Kornwestheim Bei der katholischen Stadtrandfreizeit wird das beschauliche Thomashaus zum Schiff. Von Gaby Mayer-Grum

Kornwestheim Bei der katholischen Stadtrandfreizeit wird das beschauliche Thomashaus zum Schiff. Von Gaby Mayer-Grum

Die Kornwestheimer Postboten können getrost die Hände in den Schoß legen. Viele Briefe werden sie heute wohl nicht austragen müssen. Dabei haben die Kinder der katholischen Stadtrandfreizeit im Thomashaus ganz fleißig dutzende Einladungen geschrieben, die vor dem großen Abschlussfest heute noch zugestellt werden müssen. Allerdings: Durch den Briefschlitz passen diese Einladungen nicht. Denn wer ein echter Pirat ist, der verschickt seine Briefe per Flaschenpost.

 

Seit zwei Wochen ist das Thomashaus im Osten der Stadt kein beschauliches Gemeindezentrum mehr, sondern ein Piratenschiff. Große Abenteuer haben die sechs- bis elfjährigen Seeräuber erlebt. Obwohl sie erwiesenermaßen sehr friedliebend und auch ein bisschen romantisch sind ("Ich bin unterwegs, um nachts in meiner Hängematte die Sterne zu zählen", steht auf einem Fenster des Thomashaus-Schiffs.), haben sie kleine Kanonenkugeln und hölzerne Säbel gebastelt, aber auch Papier geschöpft, um Schatzkarten darauf zu zeichnen. Mit Batiktechnik wurden bunte Tücher gefärbt, die sich wunderbar als Seeräuber-Kopfschmuck eignen. Sie haben - was sich als besonders aufregend herausstellte und bei vielen nur mit Hilfe von Kuscheltieren zu bewältigen war - gemeinsam im Thomashaus übernachtet. Und schließlich haben sie sich auf das Abschlussfest vorbereitet, das heute begangen wird. Ihre Familien haben die Kinder dafür so eingeladen, wie es sich für Piraten gehört: per Flaschenpost eben. "An alle da draußen", sind die Einladungen adressiert.

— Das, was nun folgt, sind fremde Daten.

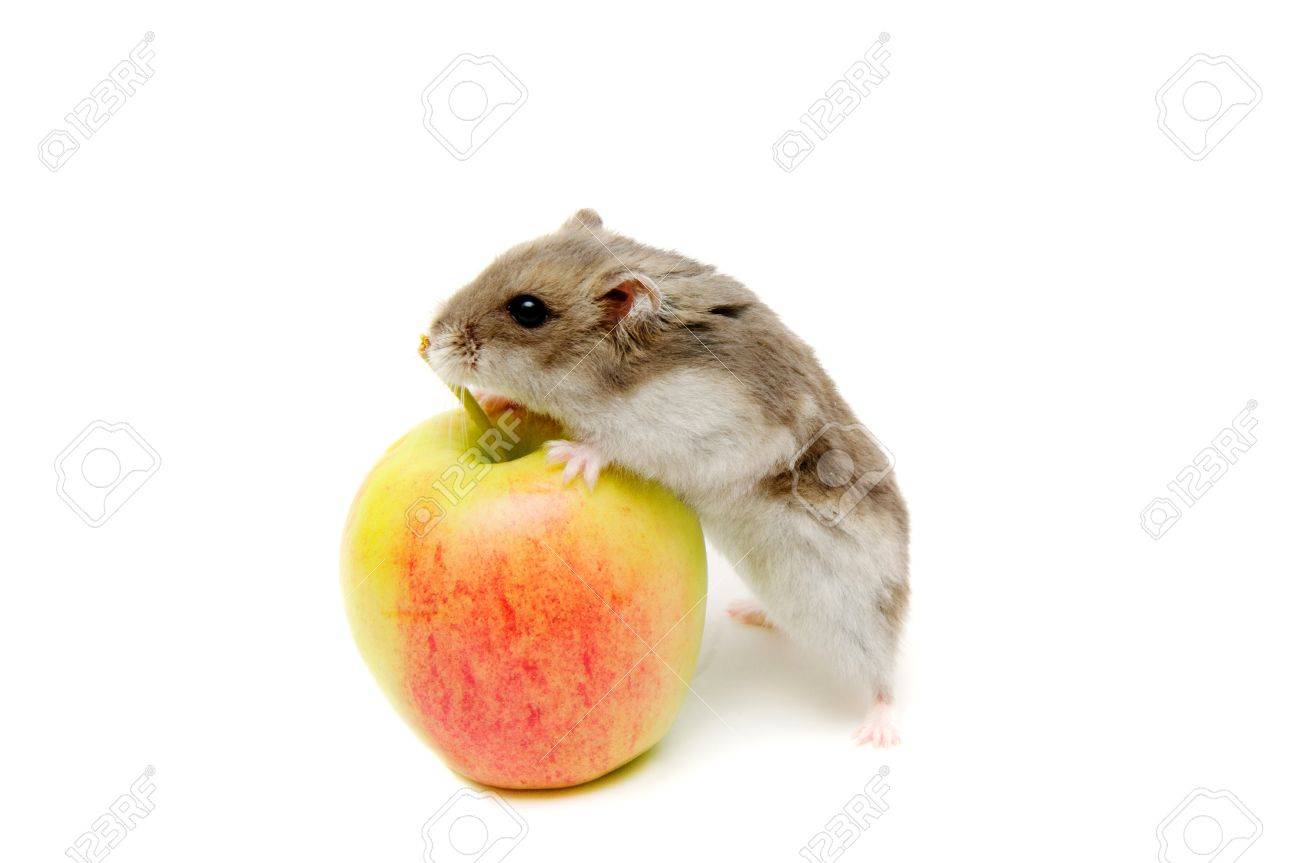 hamster eating fruit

Auch wenn Piraten eigentlich auf rauer See zuhause sind - beim Fußball- und Tischtennisspielen, Schaukeln und Balancieren auf einem dünnen, zwischen Bäumen gespannten Drahtseil finden sie auch Gefallen. Zumal sie in den vergangenen zwei Wochen nicht allzu oft Gelegenheit dazu hatten, im großen Garten des Gemeindehauses zu spielen. Das Wetter hat den Kindern in diesem Jahr einen Strich durch die Rechnung gemacht. Mit der Folge, dass die 45 Jungen und Mädchen - etwas weniger als in den Vorjahren - von den neun ehrenamtlichen Betreuern oft im Thomashaus beschäftigt werden mussten. Was zwar die Ehrenamtlichen ganz schön forderte, die Kinder manchmal aber nicht so sehr - ihnen fehlte einfach das Toben im Freien, erzählt Christiane Wildner, die gemeinsam mit Jenny Scheufler die Freizeit leitet. "Gott sei Dank war das Wetter wenigstens gut, als wir einen Ausflug in einem Barfußpark gemacht haben", sagt die Freizeit-Leiterin. Eine zusätzliche Herausforderung für das betreuer-Team war, dass es in diesem Jahr besonders viele Erstklässler waren, die die Freizeit besucht haben, wie Christiane Wildner berichtet. Und diese brauchen oft noch besondere Zuwendung und wollen auch mal Kuscheln.

Konsequent verlassen haben die Kinder den Kuschelkurs, als das traditionelle Fußballspiel Kinder gegen Betreuer anstand. Zum ersten Mal seit vielen Jahren seien die Betreuer siegreich gewesen, berichtet Christiane Wildner lachend - und das, obwohl die neun Ehrenamtlichen gegen rund 40 Kinder anspielen mussten. Klar, dass das nicht ganz unfallfrei abging. "Ich stand immer schon am Rand mit den Kühlakkus", erzählt die Studentin. Ernsthaft verletzt hat sich aber keiner bei dem leidenschaftlichen Match.

Nach so viel Programm kommt die Stärkung aus der Küche gerade recht: Frühstück, Mittagessen und Abendessen bekommen die Kinder zwei Wochen lang im Thomashaus serviert. Dafür sorgen zwei Köchinnen, die jeden Tag am Herd stehen, und viele Mütter, die abwechselnd mithelfen.